Kamis, 17 Oktober 2002, upaya itu mulai menuai hasil. Rumah Sakit Sanglah Denpasar, tengah malam, kantong jenazah no.145 bertuliskan Mr. X alias belum teridentifikasi dibuka oleh Ni Luh Metri, ibu dari Mbak Eka. Robekan celana dalam penuh bercak darah itu cukup dikenalinya namun tak bisa ia pastikan. “Saya tak bisa pastikan. Biar anak saya besok saya ajak ke sini,” ujar Ni Luh kepada tim forensik.
Esok harinya, Mbak Eka menjalani tes DNA dan serangkaian uji forensik lain untuk memastikan bahwa jasad tersebut adalah benar sosok tercintanya. Tepat pada Jumat, hari yang dimuliakan dalam tradisi Islam, Imawan dikebumikan. 2 anak pun menjadi yatim dalam arti sesungguhnya, Alif Heidar Sardjono atau Alif (3,5 tahun) dan Thifaldi Iqbal Ramadhan Sardjono atau (2,5 tahun).

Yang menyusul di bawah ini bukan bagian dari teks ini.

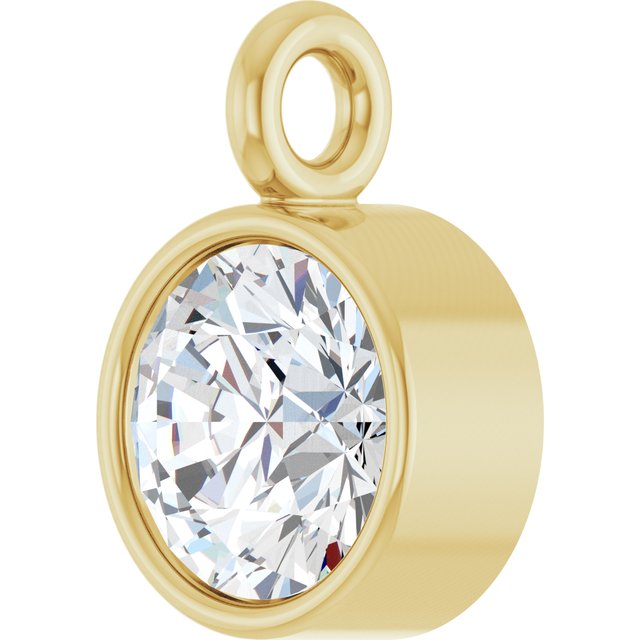 1/6 CT Lab-Grown Diamond Bezel-Set Dangle, 4.3 mm x 6.2 mm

Menjadi single parent dengan 2 anak yang masih berusia 3 dan 2 tahun tentu tidak diinginkan oleh perempuan mana pun. Namun siapa kuasa menolak takdir jika itu telah digariskan.
Peristiwa tragis itu pun merenggut nyawa Imawan Sardjono, karyawan PT Angkasa Pura I Bali. Sabtu, 12 Oktober 2002,  sekitar pukul 11 malam, ia mesti menghadap ke Sang Kekasih sejati, Penciptanya. Saat melintasi jalan Legian Kuta Bali untuk mengantarkan tamu, bom berkekuatan high explosive meledak.
Beberapa bulan berikutnya, Mbak Eka menyaksikan wajah-wajah dalang aksi keji itu dari layar televisi. Semuanya beragama Islam, sama seperti dirinya. Atas nama jihad melawan kaum kafir, para pelaku merancang serangan.
“Betul jihad itu ajaran Islam. Tetapi apakah jihad itu harus dengan cara membinasakan orang lain bahkan sesama muslim, hingga membuat anak-anak menjadi yatim. Kita yang terus berjuang hidup dalam perdamaian inilah yang pantas disebut berjihad?” ucapnya menggugat.
Kepada Lazuardi Birru, Guru SMP Muhammadiyah I Denpasar ini menuturkan pandangannya seputar jihad, upayanya melakukan trauma healing pada dirinya dan kedua buah hatinya.

Apa makna jihad menurut Anda?
Jihad itu artinya bersungguh-sungguh, mengerahkan segala daya upaya untuk menciptakan kemaslahatan di muka bumi. Kalau “jihad” lebih banyak menciptakan kemudaratan ketimbang kemaslahatan itu bukan jihad namanya. Karena menurut saya itu justru tidak dibenarkan oleh agama.
Saya justru merasa saya sedang belajar berjihad. Saya terus memperjuangkan agama saya di sini (Denpasar: red) sebagai agama rahmatan lil alamin. Semua agama ada di sini. Kami semua hidup rukun dan saling berdampingan. Namun setelah aksi tak berperikemanusiaan itu, harmoni kehidupan itu seperti terpukul. Saya menjadi bertanya-tanya, apa sebenarnya yang mendasari mereka melakukan tindakan itu?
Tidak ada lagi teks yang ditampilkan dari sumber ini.